Third, perhaps true cloud sovereignty might require more direct state intervention and a publicly built and maintained cloud. The Canadian government could develop in-house capacities for cloud computing and exercise the highest possible degree of control over government data. A dedicated Crown corporation could be established to serve the government’s cloud computing needs.
However, such a high level of control may only be necessary for particularly sensitive government data, such as health or tax data, while procurement-based models may suffice elsewhere. Only government information up to Protected B is allowed to be stored in the cloud, which presumably means there is existing in-house capacity for storing the most sensitive information. If so, then public sovereign cloud becomes a question of updating in-house capacity to take advantage of cloud infrastructure and expanding it to other classifications of information like Protected B, which can still "cause serious injury” if compromised.

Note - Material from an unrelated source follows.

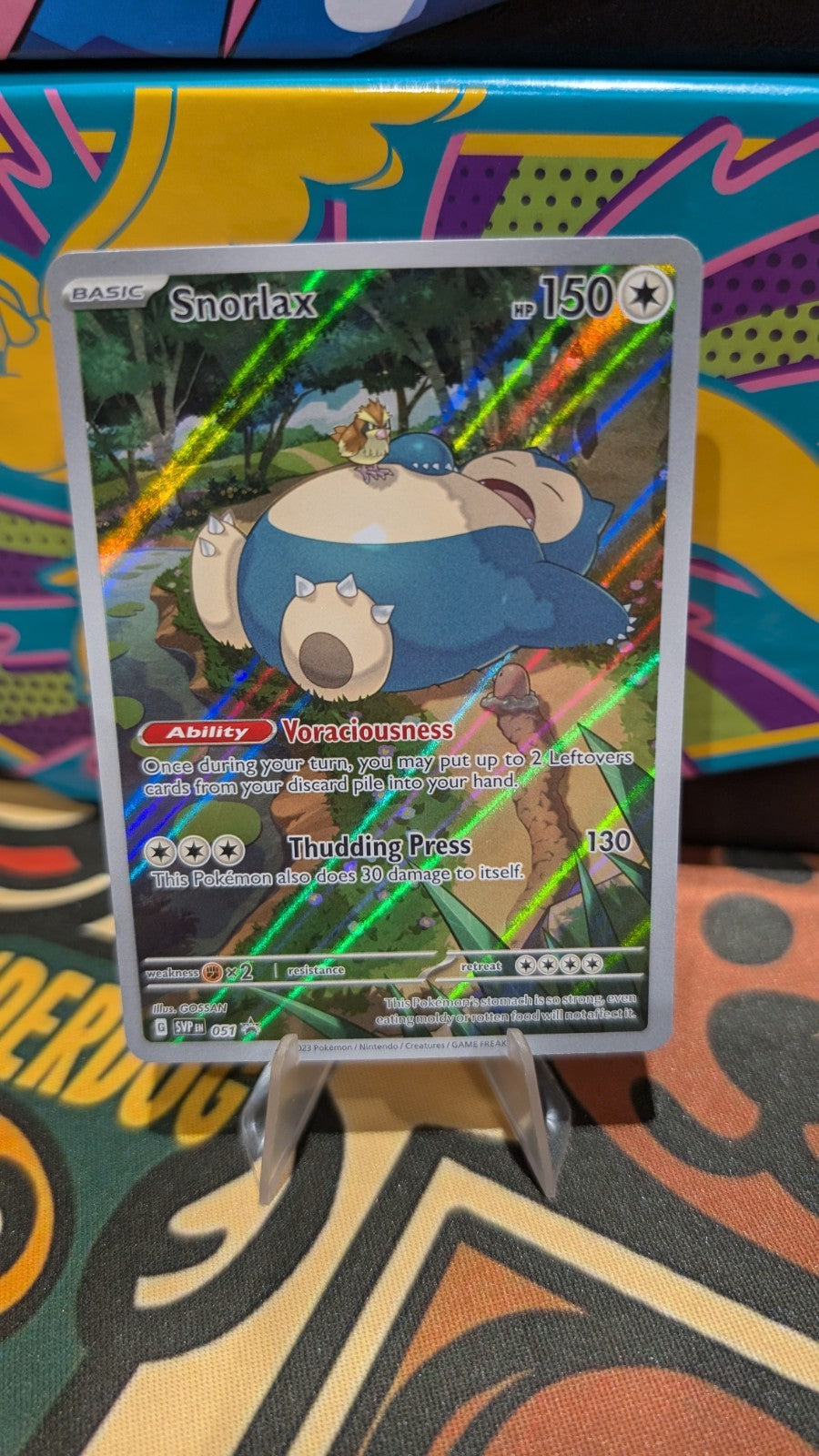 Pokémon TCG - Snorlax - 051 SV Scarlet & Violet - Black Star Promo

Key considerations for a sovereign cloud
The trend towards digital sovereignty raises important questions about market governance and forces us to clarify our priorities. For example, we are watching our big telecommunication firms breaking into the data centre and AI markets—Bell and Telus announced AI data center projects this year—and these firms have significant advantages over smaller, new market entrants, like existing fiber networks. Should Canada seek to replicate the US Big Tech oligopoly with another one, simply closer to home? If the answer is no, we must take care to promote fair competition in building our Canadian cloud market.

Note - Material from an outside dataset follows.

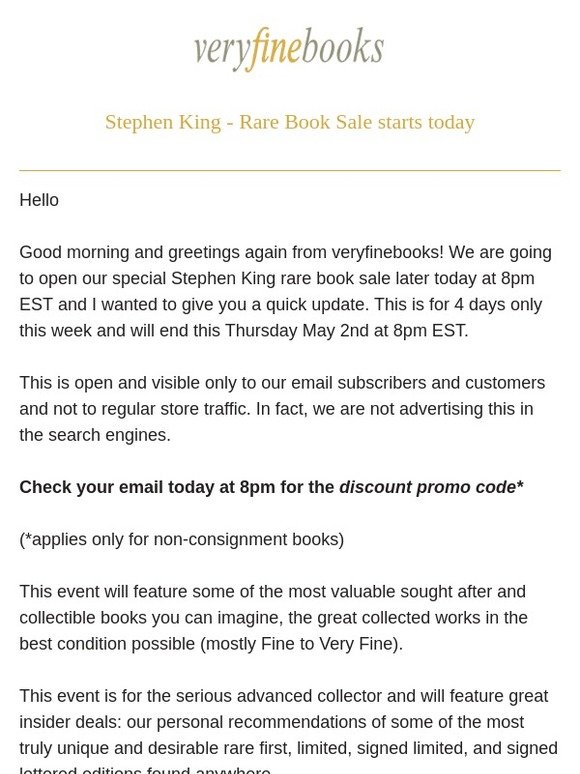 Opens  8pm EST today + free bonus gifts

No matter how we approach it, cloud sovereignty will be costly. Hyperscalers can offer more flexible and cheaper pricing models, and will likely be able to undercut emerging alternatives. To make digital sovereignty viable, the Canadian government will have no choice but to intervene, strategically investing in domestic cloud service providers and likely subsidizing these options. Energy is another crucial factor: cloud computing requires enormous amounts of power, and hyperscalers operate the largest and most energy-efficient facilities. The relative inefficiency of smaller Canadian providers will only drive up the cost of domestic options.
However, the costs of inaction are equally high. If Canada fails to invest in some form of sovereign cloud, we will continue to compromise our national security and lose the opportunity to capture value within the cloud computing market. Building sovereign cloud capacity would also position Canada to capture greater value in other digital markets, such as AI. Conversely, if the country further entrenches its dependence on US tech and fails to develop sufficient alternatives, those firms will be free to charge the government and the public whatever they want. Such profiteering will have long-term economic consequences that would likely outweigh the upfront costs of sovereign cloud development.
Fortunately, there are opportunities for Canada. Because our current digital dependence on the US poses a risk to national security, there is a strong case for recognizing digital infrastructure as dual-use, especially since it enhances control over our own cybersecurity. Digital sovereignty thus presents an ideal target for increased defense investment required to meet the government’s new defense spending goal.
Canada is finally waking up to the risks of relying on the US for digital infrastructure, and we mustn't lose this momentum. We have a rare opportunity to redefine our digital infrastructure in a way that reflects Canadian values, including promoting a safer, more responsible, and more trustworthy digital ecosystem, while also capturing greater economic benefit.